Reflections on Facebook

Reflections on Facebook


Recently, the question was posed in the "What are you learning on Facebook" group: what is your big "aha?" I'm not sure I've had one big 'aha', but rather a series of small ones -- about immediacy of connections, visualizing one's friend network, and the power of weak ties over strong ones.

Here is an updated version of the answer I posted on the "What are you learning on Facebook" group [link only available to Facebook subscribers]:. The complete question which Marcia Connor asked was, "Has Facebook provided you a big "aha!" moment because you found, figured out, discovered or had introduced to you something that helped you make connections you hadn't before?"

To date, it feels as if I've had a series of smaller 'aha's' rather than one big one:

1) FB creates immediacy of connections while online -- connections are easier to reach. So I keep in better touch with family members and notice that they keep in better touch as well. It may not sound like much, but I get somewhat more info about them than I would otherwise get.

2) A corollary is that FB is like a giant living compliation of one's friend network which one can monitor and be connected to others at times and ways of one's choosing. Like Basecamp, its utility is deceptively simple -- it doesn't look like it should amount to much, but there's something about building one's life network of friends and then having it visually instantiated, rapidly accessible. It is an incomplete network -- more of my friends are missing from Facebook than are there -- but what's there has a certain wholeness that didn't exist previously. And then there's the access to a new network of loosely tied 'friends' (see below).

2a) As a result, FB has already enabled me to help others make connections or have interactions which otherwise would never have happened.
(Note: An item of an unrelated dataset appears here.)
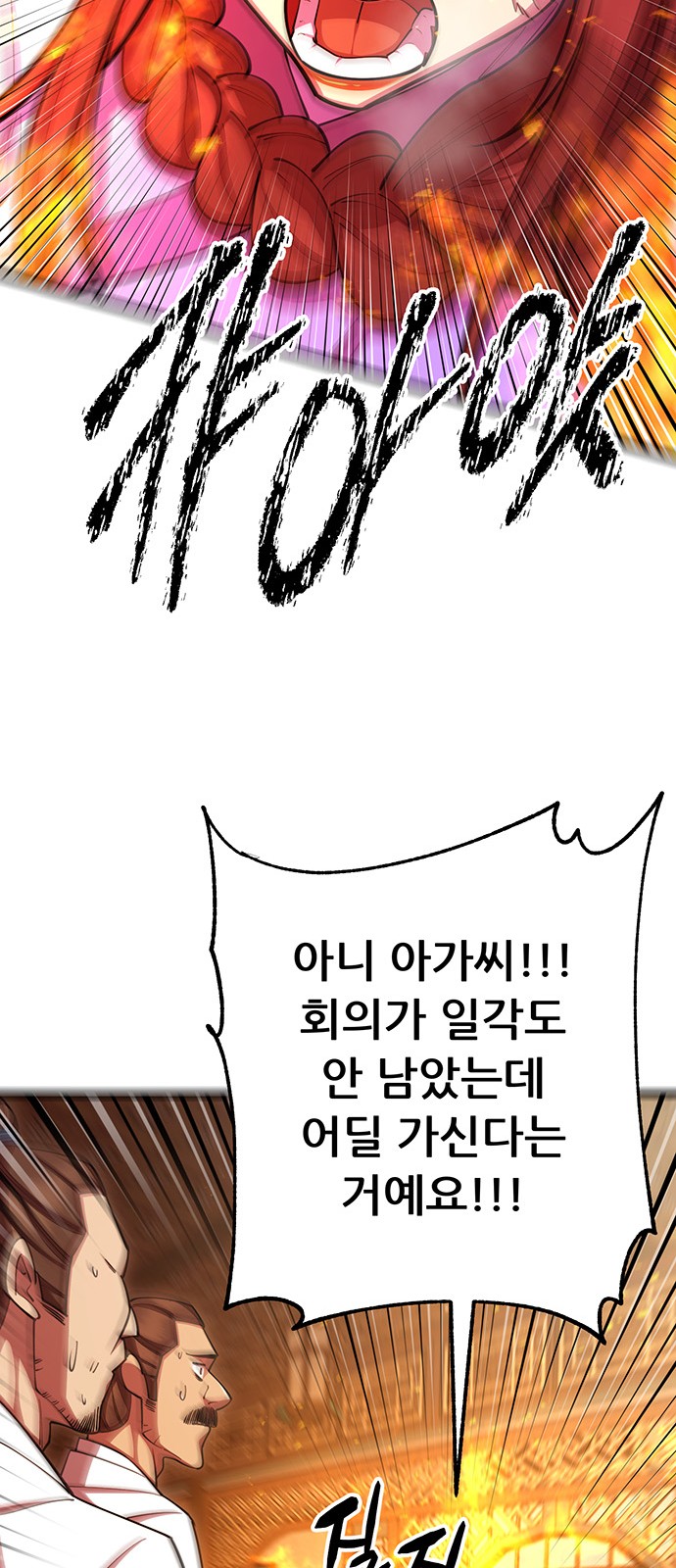 72 페이지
3) FB is a useful tool for getting in touch with long lost acquaintances. In the process, it's also a good self-reflection tool -- for instance, by examining the reasons why I choose or don't choose to contact someone.

4) The power of loose ties -- this was suggested to me by someone who contacted me on FB out of the blue. I had thought of FB as a network of my tight-knit friends; she re-framed it for me as a way to learn from a network of loose connections. So far, it's been very effective in that way. This may be the biggest of the 'ahas' for me.

5) I was fascinated by how Stephen Downes found a quick answer to a question he had by posting on FB -- that's cool but probably requires a friend network the size of his. That's one of the functions I'm looking to have: treating my FB (or LinkedIn?) network as a giant sounding board for ideas, answers to questions, and other inquiries that would be useful to me and interesting to my network members.

6) This is not necessarily FB-specific, but a colleague impressed upon me the importance of figuring out what you want a tool to do for you (functional requirements list) rather than going tool-happy to start. Another colleague impressed upon me the importance of trying out tools to start with just to discover what they can do. So I've been spending some time in the cognitively dissonant space created by these clashing approaches.

7) Because I've found unexpected worthwhile affordances about FB, I was more willing to give Twitter a 2nd try and am finding worthwhile affordances there too. Which in turn will make me more open to trying a new tool.

What does this have to do with online education? Tools such as FB create new possibilities for obtaining information, interacting with learning participants, and creating new knowledge. The focus should be on the specifics of these capabilities; the tools should remain means and not an end in themselves (I dread the prospect of online courses requiring the use of FB, Second Life, Twitter, et al.). But I welcome the prospect of online courses requiring students to obtain information, interact with learning participants, and create new knowledge in new ways, and then let them choose which tools help them do this with appropriate scaffolding and support.